The energy supply device and the power tool can be connected to each other in such a way that a straight or a “slanted” stop is formed between the components of the interface. In the case of a straight stop, the second contact normal force is preferably formed in the second contact region in such a way that the second contact normal force is arranged substantially parallel to the insertion direction of the energy supply device (cf.(top)). A slanted stop is preferably characterized in that an angle which is smaller than 90 degrees is formed between the first and the second contact normal force. If a slanted stop is formed between the components of the power tool, the second contact normal force can have a substantial force component which preferably acts in the insertion direction (cf.(bottom)). Slanted stops can be achieved, for example, by chamfered contact surfaces.

In this case, it may be preferred in the context of the invention that the contact normal forces form an angle Delta with each other which is smaller than 90 degrees. It is preferred in the context of the invention that the angle Delta between the first contact normal force and the second contact normal force lies in an angular range of greater than 10 degrees, preferably greater than 45 degrees, and particularly preferably greater than 60 degrees. The angle Delta thus preferably lies in an angular range from 10 to 90 degrees, preferably in an angular range from 45 to 90 degrees, and particularly preferably in an angular range from 60 to 90 degrees. The position of the angle Delta can be seen from. Since the angle Delta lies in one of the stated angular ranges, the second contact normal force can have a substantial force component in the insertion direction.

The variant with slanted stop can preferably be used in such cases where centering of the plug on the blade is desired. The plug can thus be prevented from rotating as a result of accelerations. In this way, a detrimental relative movement can advantageously be reduced for both contact regions.

Many interfaces, as known from the prior art, only have a contact region for the transmission of electrical energy in which the occurring contact normal forces are normal, i.e. perpendicular, to the insertion direction. As a result, in such interfaces the contact normal forces do not have a significant force component in the insertion direction. By having different contact normal forces with different orientations and also contact normal forces or components of contact normal forces acting in the insertion direction in the context of the present invention, both the current transmission capability of the interface can be improved and a particularly robust and stable connection between the contact partners can be enabled.

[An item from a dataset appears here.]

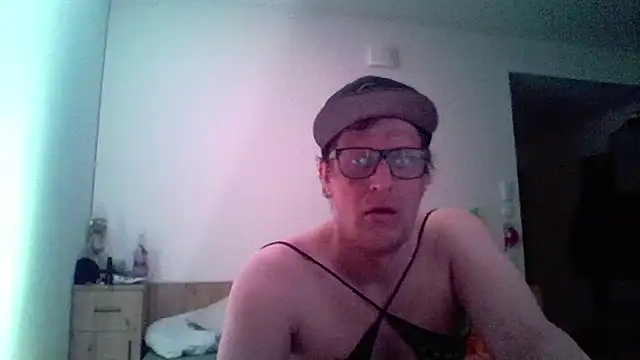Bigthroaterboy online show from April 5, 8:04 pm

It is preferred in the context of the invention that the interface comprises at least one elastic means for reducing a relative movement between the male contact partner and the female contact partner. In addition, it may be preferred that the elastic means for reducing the relative movement between the contact partners is configured to engage the at least one male contact partner and/or the at least one female contact partner. In a very particularly preferred exemplary embodiment of the invention, the elastic means for reducing the relative movement between the power contacts of the interface engages the female contact partner. Thus, in this exemplary embodiment of the invention, for example, the at least one female contact partner of the interface is present in a spring-mounted manner, wherein the at least one female contact partner is moreover preferably present at the energy supply device. The elastic means for reducing the relative movement is preferably also referred to as “elastic spring-mounting means” in the context of the invention. It is noted that the elastic means of the interface is an elastic means for spring mounting a male and/or female contact partner. Thus, the invention departs from the multitude of elastic means known from the prior art between the power tool and an interface region of the power tool. It has been shown that spring-mounting the contact partners of an interface in combination with differently oriented contact normal forces can significantly improve the current conductivity of the interface, as well as the robustness of the connection. This applies in particular if particularly large amounts of current or electrical energy are to be transmitted with the interface and if, in addition, the transmission of the electrical energy is to take place over a long time and/or under site conditions, i.e. sometimes with strong vibrations. These advantages result in particular from the elastic spring mounting of the contact partners in two spatial directions described above, which can be brought about by the at least one elastic means on the one hand and the design in particular of the female contact partners as bending contacts on the other.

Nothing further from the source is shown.